Hi Jan,

Thanks for your reply I have finally solved this, unfortunately it was not 
as simple as I hoped (probably due to the fact our platform is on Windows 
Server).

The point you raised below, gave me a good hint -


>    - Run a simply svn command like list/info/whatever from a 
>    shell/command box and accept the cert if prompted so.
>
>
So looking at the build output, I could tell that the 'buildnumber' Maven 
plugin was directly calling svn, so this was outside of Jenkins awareness 
really. I then realised that Jenkins was running as the 'SYSTEM' user and 
so that svn command was being executed by the SYSTEM user. Obviously the 
SYSTEM user needed to accept the server certificate and provide 
authentication, which it didnt had.

I located where svn keeps its auth details for the SYSTEM user on Windows 
2008 Server - 
C:\Windows\System32\config\systemprofile\AppData\Roaming\Subversion\auth 
and I copied in appropriate authentication files to the svn.simple and and 
svn.ssl.server folders from another account where I knew the build worked. 
It did now accept the SSL cert but refused to authenticate.

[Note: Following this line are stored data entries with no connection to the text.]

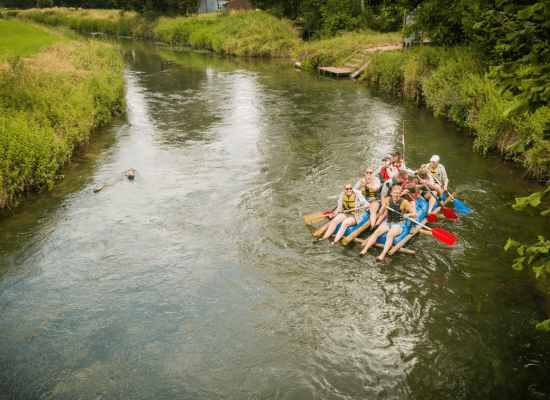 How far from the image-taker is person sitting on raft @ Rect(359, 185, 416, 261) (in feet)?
27.9

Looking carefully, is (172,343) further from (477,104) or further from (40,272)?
(477,104)

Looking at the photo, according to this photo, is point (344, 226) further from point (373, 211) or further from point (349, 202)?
point (373, 211)

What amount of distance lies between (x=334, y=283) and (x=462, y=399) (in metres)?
2.86

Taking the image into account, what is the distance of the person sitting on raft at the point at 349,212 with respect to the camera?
29.2 feet

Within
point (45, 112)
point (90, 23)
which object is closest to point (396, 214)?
point (45, 112)

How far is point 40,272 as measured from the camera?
8.30 m

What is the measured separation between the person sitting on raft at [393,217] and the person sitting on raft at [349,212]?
1.61 feet

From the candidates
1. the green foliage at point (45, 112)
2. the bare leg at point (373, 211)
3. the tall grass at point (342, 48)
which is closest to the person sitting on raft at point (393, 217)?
the bare leg at point (373, 211)

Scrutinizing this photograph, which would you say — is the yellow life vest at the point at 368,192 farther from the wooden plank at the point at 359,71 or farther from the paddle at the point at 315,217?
the wooden plank at the point at 359,71

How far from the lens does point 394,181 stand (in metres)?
9.79

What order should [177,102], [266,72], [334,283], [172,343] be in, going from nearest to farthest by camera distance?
[172,343] → [334,283] → [177,102] → [266,72]

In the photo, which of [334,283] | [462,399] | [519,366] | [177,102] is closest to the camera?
[462,399]

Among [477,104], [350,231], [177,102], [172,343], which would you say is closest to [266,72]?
[177,102]

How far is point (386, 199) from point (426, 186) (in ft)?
5.02
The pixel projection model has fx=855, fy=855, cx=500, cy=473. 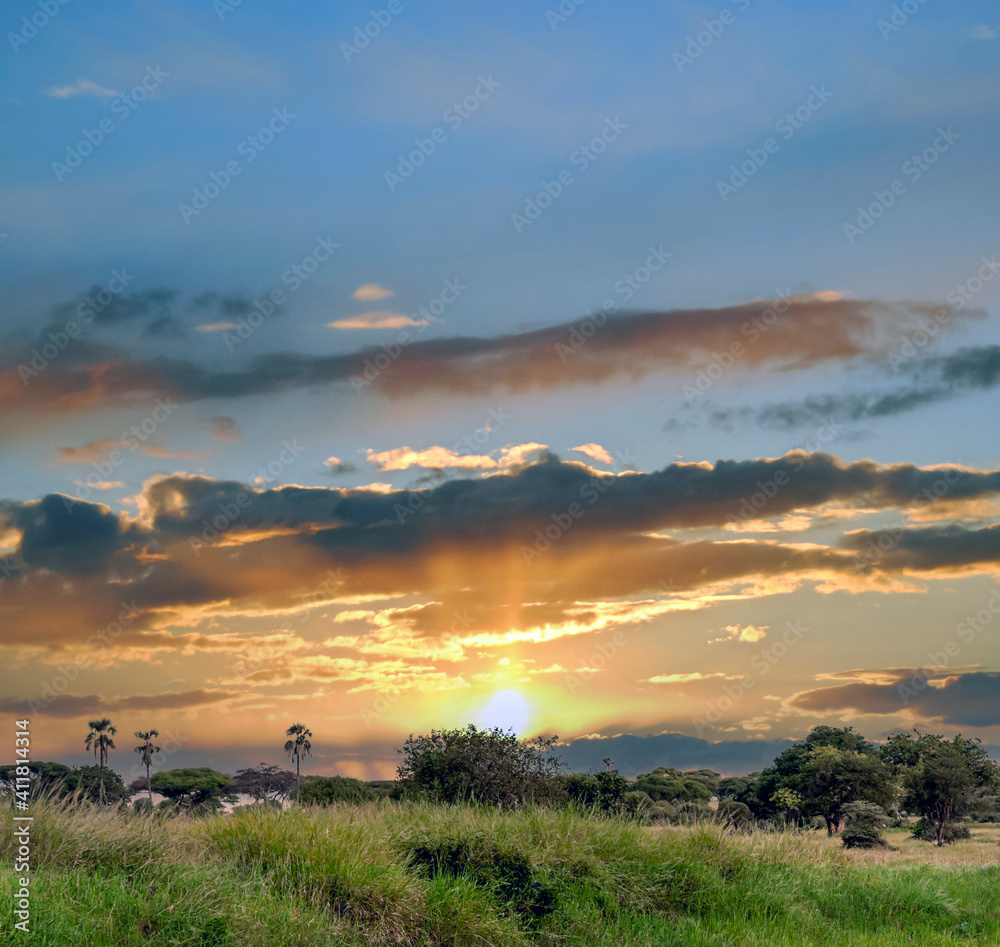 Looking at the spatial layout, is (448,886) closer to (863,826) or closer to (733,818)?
(733,818)

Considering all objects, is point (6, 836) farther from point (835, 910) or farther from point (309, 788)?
point (309, 788)

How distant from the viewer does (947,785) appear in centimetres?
5738

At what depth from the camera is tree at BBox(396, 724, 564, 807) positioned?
2681cm

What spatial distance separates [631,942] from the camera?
50.1 feet

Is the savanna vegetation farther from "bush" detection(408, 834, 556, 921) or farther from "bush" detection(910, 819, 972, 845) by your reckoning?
"bush" detection(910, 819, 972, 845)

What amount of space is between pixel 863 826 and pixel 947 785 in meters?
7.64

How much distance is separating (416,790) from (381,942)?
1400 centimetres

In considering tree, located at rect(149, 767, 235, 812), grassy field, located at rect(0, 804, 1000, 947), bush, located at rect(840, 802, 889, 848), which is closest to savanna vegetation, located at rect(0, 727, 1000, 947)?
grassy field, located at rect(0, 804, 1000, 947)

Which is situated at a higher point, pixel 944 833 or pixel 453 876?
pixel 453 876

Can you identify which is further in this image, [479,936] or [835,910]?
[835,910]

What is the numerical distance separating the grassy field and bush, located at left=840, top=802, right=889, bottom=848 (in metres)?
32.4

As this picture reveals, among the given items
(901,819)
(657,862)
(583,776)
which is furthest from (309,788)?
(901,819)

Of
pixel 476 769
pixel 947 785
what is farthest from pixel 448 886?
pixel 947 785

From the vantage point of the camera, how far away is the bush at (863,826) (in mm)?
52125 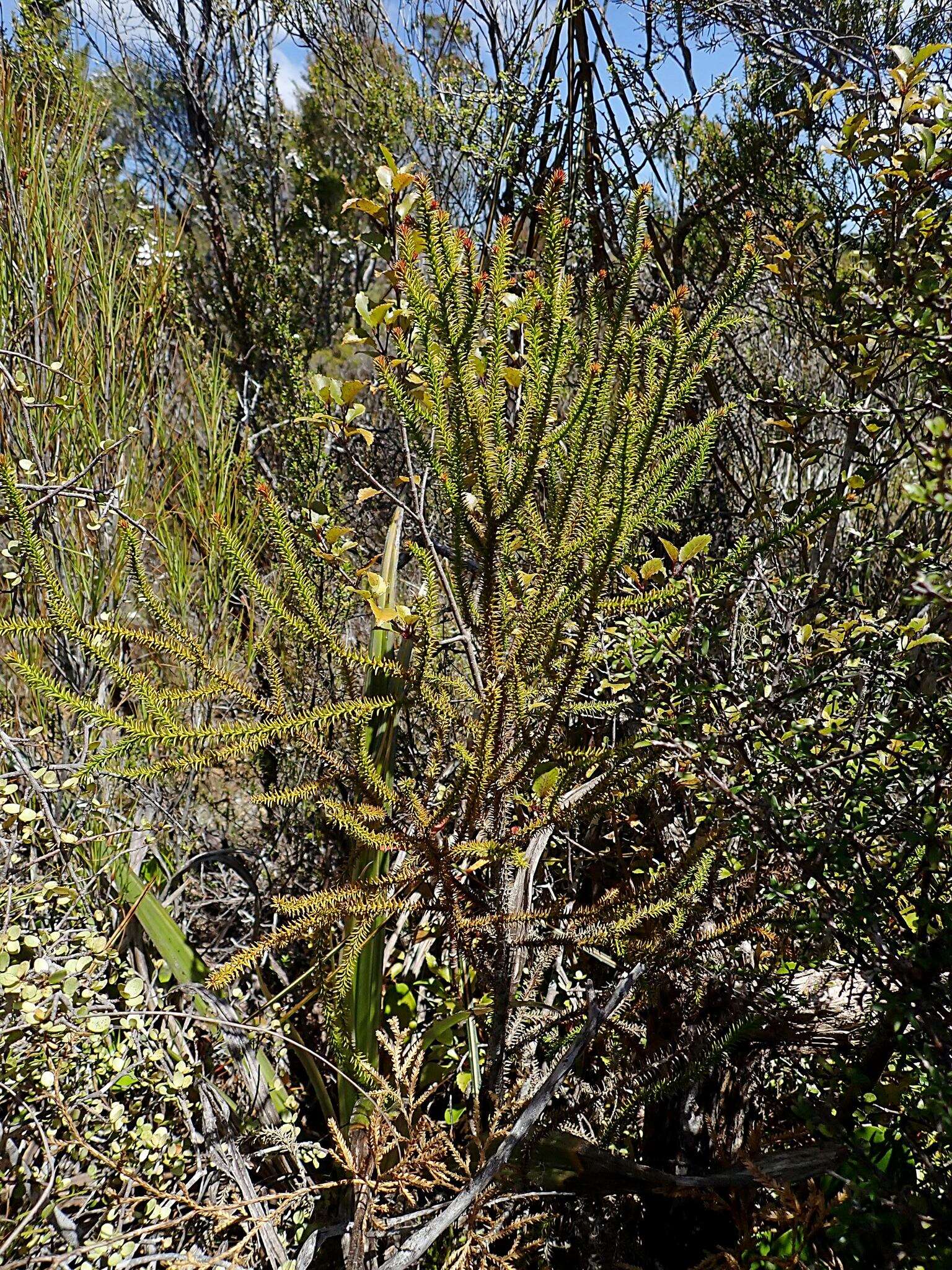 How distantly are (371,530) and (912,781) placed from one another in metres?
2.37

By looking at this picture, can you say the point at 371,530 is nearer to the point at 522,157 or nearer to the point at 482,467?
the point at 522,157

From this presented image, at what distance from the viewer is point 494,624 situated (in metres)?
1.27

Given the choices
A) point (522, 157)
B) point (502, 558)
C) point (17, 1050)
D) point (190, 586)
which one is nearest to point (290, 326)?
point (522, 157)

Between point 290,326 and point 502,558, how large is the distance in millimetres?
2890

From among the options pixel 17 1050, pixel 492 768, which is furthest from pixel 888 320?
pixel 17 1050

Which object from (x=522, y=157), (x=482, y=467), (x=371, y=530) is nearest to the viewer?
(x=482, y=467)

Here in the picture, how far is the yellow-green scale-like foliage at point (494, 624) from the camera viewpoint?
3.90 feet

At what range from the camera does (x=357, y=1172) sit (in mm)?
1386

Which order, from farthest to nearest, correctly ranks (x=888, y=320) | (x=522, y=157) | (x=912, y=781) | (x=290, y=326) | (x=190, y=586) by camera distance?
(x=290, y=326) → (x=522, y=157) → (x=190, y=586) → (x=888, y=320) → (x=912, y=781)

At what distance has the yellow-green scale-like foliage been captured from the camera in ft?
3.90

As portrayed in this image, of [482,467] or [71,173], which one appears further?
[71,173]

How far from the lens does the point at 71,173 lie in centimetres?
214

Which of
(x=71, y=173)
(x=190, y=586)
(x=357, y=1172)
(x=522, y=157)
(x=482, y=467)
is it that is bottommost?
(x=357, y=1172)

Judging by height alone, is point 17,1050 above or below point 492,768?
below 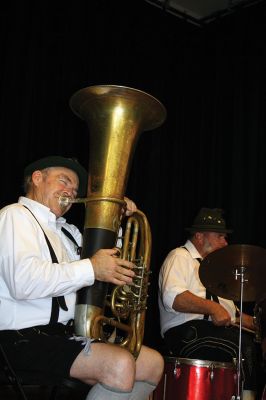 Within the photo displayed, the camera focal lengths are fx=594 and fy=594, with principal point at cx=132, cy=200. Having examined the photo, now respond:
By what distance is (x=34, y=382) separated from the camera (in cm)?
253

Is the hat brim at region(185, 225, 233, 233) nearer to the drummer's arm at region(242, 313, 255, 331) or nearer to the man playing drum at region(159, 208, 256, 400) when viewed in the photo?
the man playing drum at region(159, 208, 256, 400)

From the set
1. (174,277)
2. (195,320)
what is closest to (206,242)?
(174,277)

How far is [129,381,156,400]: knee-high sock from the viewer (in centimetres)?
260

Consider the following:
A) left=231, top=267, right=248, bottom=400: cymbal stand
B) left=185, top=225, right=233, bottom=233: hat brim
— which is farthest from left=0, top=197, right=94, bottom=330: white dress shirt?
left=185, top=225, right=233, bottom=233: hat brim

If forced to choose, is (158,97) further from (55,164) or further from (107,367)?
(107,367)

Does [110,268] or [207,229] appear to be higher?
[207,229]

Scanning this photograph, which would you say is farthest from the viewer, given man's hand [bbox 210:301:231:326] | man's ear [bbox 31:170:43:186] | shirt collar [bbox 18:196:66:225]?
man's hand [bbox 210:301:231:326]

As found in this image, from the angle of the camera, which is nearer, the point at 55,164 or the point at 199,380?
the point at 55,164

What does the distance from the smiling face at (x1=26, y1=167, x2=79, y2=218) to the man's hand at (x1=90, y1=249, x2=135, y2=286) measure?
45 cm

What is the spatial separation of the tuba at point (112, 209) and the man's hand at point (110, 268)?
0.29 ft

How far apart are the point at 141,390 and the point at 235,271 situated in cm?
122

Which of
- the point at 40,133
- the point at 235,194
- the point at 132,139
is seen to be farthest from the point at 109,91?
the point at 235,194

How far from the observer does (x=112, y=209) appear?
273 cm

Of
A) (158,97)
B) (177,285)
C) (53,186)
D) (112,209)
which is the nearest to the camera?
(112,209) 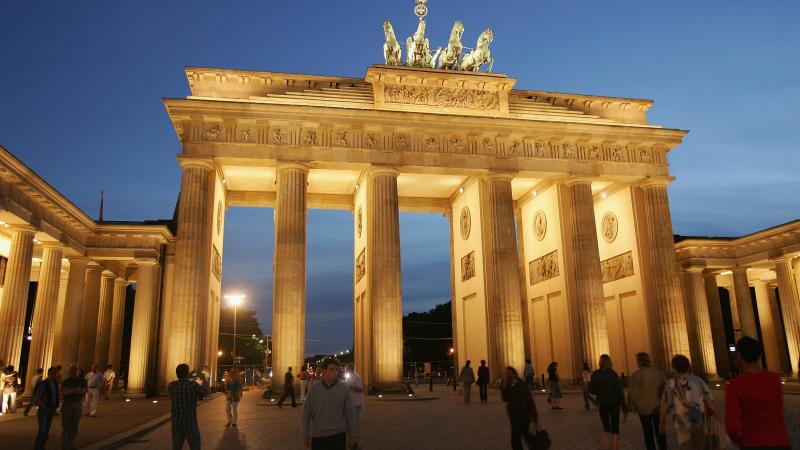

So no luck doing that. I then tried a different approach. 
I re-installed Jenkins making sure that it would run under a custom user 
account called - "s-subversion" and configured the Windows service 
appropriately to use that account. When I tried to build the project I had 
the same issue again, but I could now open a command prompt running as the 
's-jenkins' user and execute 'svn up' in the job's workspace, svn then 
prompted me to accept the server certificate and enter a username and 
password. After that running the build again in Jenkins now works perfectly.

I have added the detail above to try and assist future Windows server users.